KM and RIM are kissing cousins. Every employee creates and touches
records. As knowledge managers, we know the importance of instilling a sense of
ownership over the content one creates, and how difficult that can be. If you don't have an RIM process in your
company, you may be at greater risk than you think.
For
more information on records management, I recommend taking a look at ARMA International's "What is Records
Management? Why Should I Care?" and APQC's
upcoming peer-to-peer summit, Records
Management: New and Leading Edge Issues.
Make
sure you don't blink and get blindsided.

Carla, great recommendation! There's room for reaching across from both the KM and RM domains. Records managers have so much complexity to deal with that I think there is an inadequate recognition of the critical role Rm plays in ensuring an authentic, reliable foundation for knowledge. Conversely, knowledge managers seem so focused on either the knowledge sharing capacity of people and cultures, or the IT focus on search and retrieval, that the implications of content and its management are unaddressed.
Step by step!
Hi Carla
You have writen a very helpful article. I have being working a a recordkeeper for the past 11 years and have always been struck by the way RM and KM can complement and support each other. For example, the rigourous functional classification and disposition tools used in RM can really help manage a range of knowledge assets, not just records, over time, ensuring that in both a temporal and geographic sense they remain valuable tools for an organisation.

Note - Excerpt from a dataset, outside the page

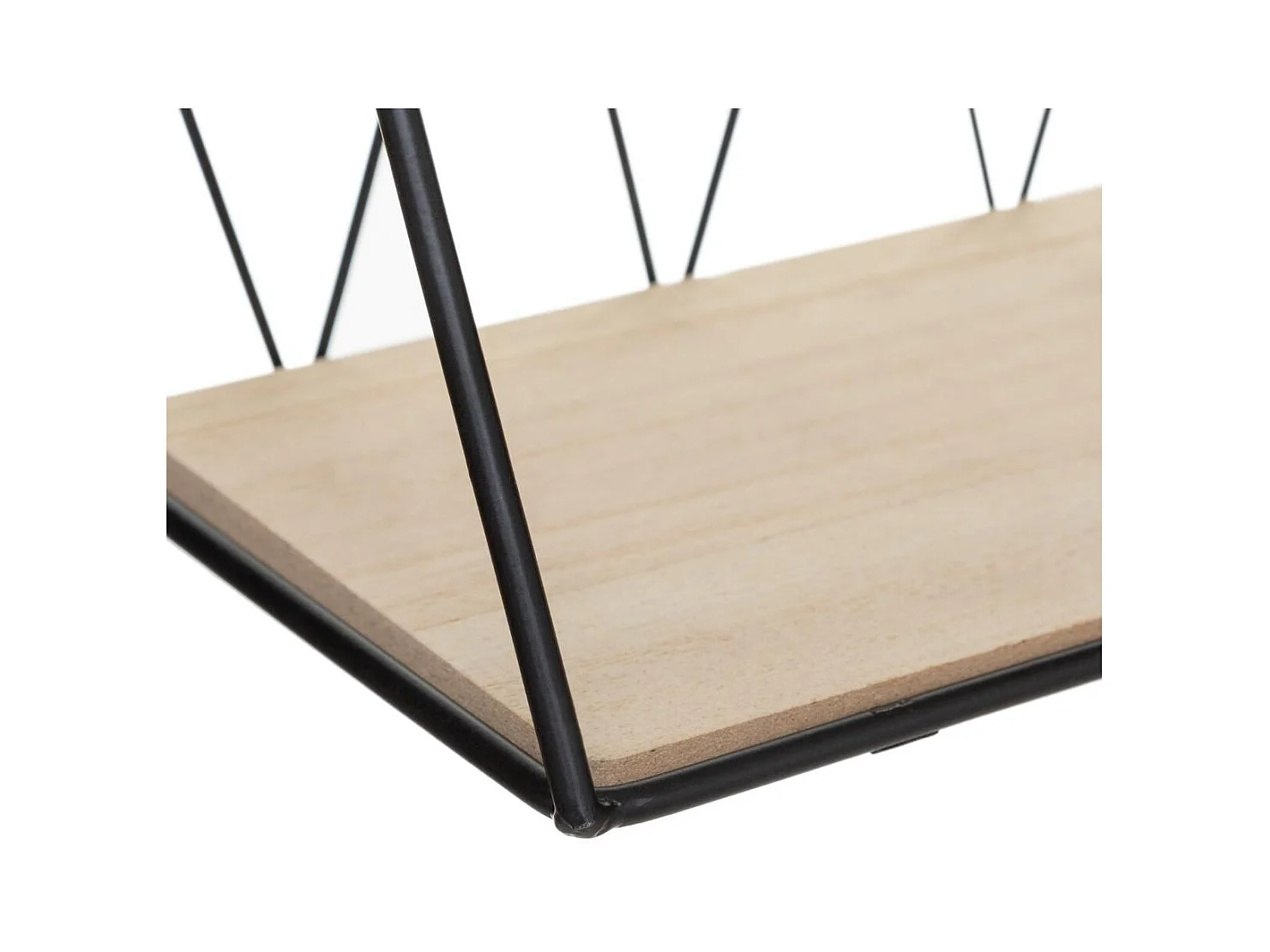 Estante metálico de pared con alambre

I am also wondering if other readers have other examples of RM and KM working well together?
Thank you both for your insights. I too would like to hear of other examples of RM and KM working together. APQC is currently considering a study on this intersection and examples would be most welcome. Carla
Stephen Macintosh's comment touches on a critical angle--the use of metadata to "get granular" with meaning that transcends media type, higher level categorization, etc. (OK, maybe I've stretched it a bit, but suspect we're thinking in similar directions.)
My partner and I introduced a conceptual model for knowledge resource management in an article published in the International Journal of Intellectual Capital and Learning, January 2009. It has evolved as we refine our analysis and representation of the concept relative to projects that incorporate records management as fundamental to knowing. Briefly, based on experience as accountable managers within organizations, we hold the view that records are the vehicle through which intangibles are made visible. Once visible in the sense of defined meta descriptors, intangibles can inform conscious knowing and become manageable.